2010年05月08日
福巴越嶺古道−1
【写真説明】左写真は台湾紅檜(ベニヒ)の一大原生林が残る拉拉山(ララ山)自然保護区入口ゲート。ゲートを通過する自動車道も福巴越嶺古道の一部である。左二枚の写真は古道沿線に林務局が500メートル置きに敷設した里程標。中央写真はララ山側古道入口の里程標、自然保護区内にあり、2004年3月撮影、敷設後間もなくまだ真新しい。右写真は、台北県烏来郷福山側入口の里程標で、2008年10月撮影。四年半で大分くたびれた。
福巴越嶺古道は、台湾北部では過去紹介した霞喀羅古道(石鹿古道)と共に、林務局が力を入れ整備し、ハイカーに人気のある古道である。古道の最終形態は、現在の台北県烏来郷烏来(日本時代:ウライ社)と桃園県復興郷巴稜(バロン社)との間を結んでいた拉拉山(ララ山)越えの原住民に対する警備道(「理蕃道」)であるが、実際は沿線のタイヤル族に依って狩猟道、婚姻道として数百年来歩かれて来た道だ。
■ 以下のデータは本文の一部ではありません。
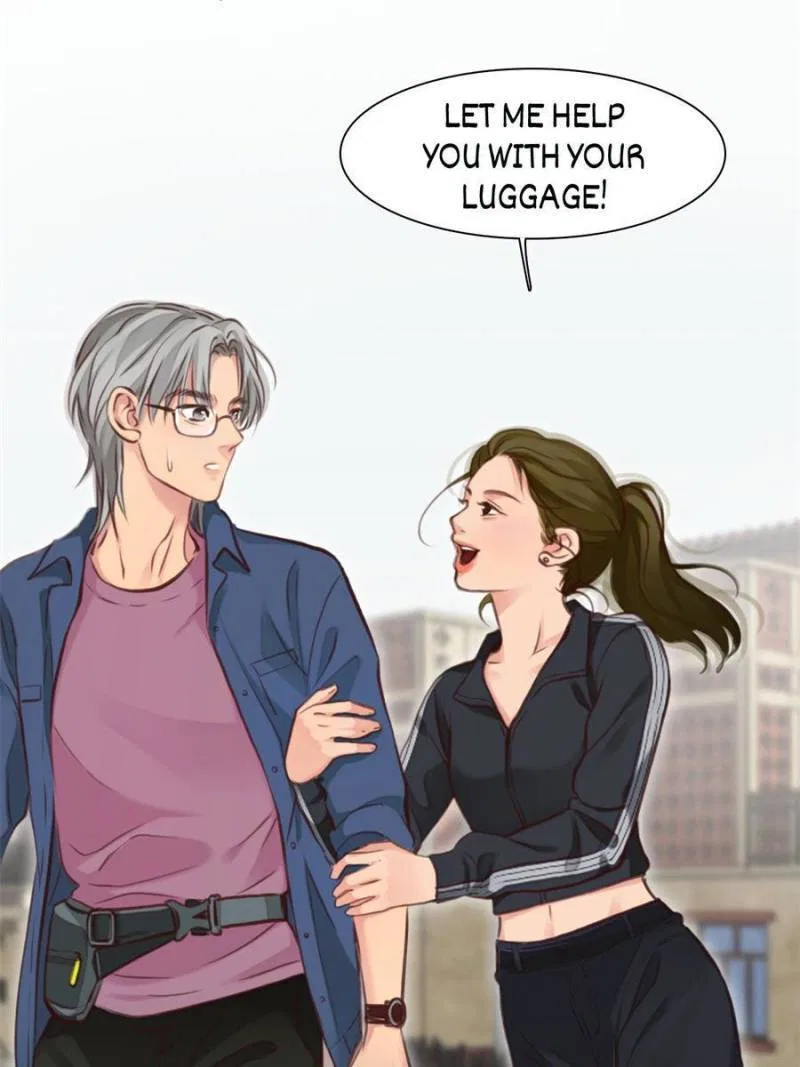 The Fake Beauty Chapter 128 – Page 34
このように烏来地区と外部地域を結んでいる古道は福巴古道以外に、哈盆古道、桶後古道と呼ばれるものがあり、いずれも最終形態は原住民に対する警備道だったものだが、これら三本の中では福巴古道が最も良く整備されている為、週末は多くのハイカーで賑っている。
現在台北地区と宜蘭県を雪山山脈越えで結んでいる自動車道は二本ある。一本は国道5号線(通称「北宜高速公路」、正式名称「蒋渭水高速公路」)で、もう一本は省道9号線(「北部横貫公路」、通称「北横」、註参照)だ。後者は桃園県大渓鎮大渓と宜蘭県宜蘭市街との間を結んでいる全長約130キロの自動車道である。この北横のベースになったのは、日本時代、西は大渓側の軽便鉄道終点角板山に始まり、タイヤル族の集落を結びながら雪山山脈を越えて蘭陽渓(日本時代は濁水)に降り、羅東市街から三星まで伸びていた軽便鉄道終点に至る警備道で、今は角板山古道とも呼ぶ人もある。大渓と、北横が蘭陽渓に降り切る地点である棲蘭間の凡そ中間地点にあるのが巴稜、旧バロン社で、ここから北のウライとの間を繋いでいた警備道が現在の福巴越嶺古道である。>(メルマガ「台湾の声」2009年10月7日掲載分の一部を改編)次回へ続く...
(註)「省道」は本来は「国道」と称すべきものだが、行政院交通部は未だに変更していないので現在の呼称に従った。現在の台湾で「国道」とは高速公路(道路)に対する呼称である。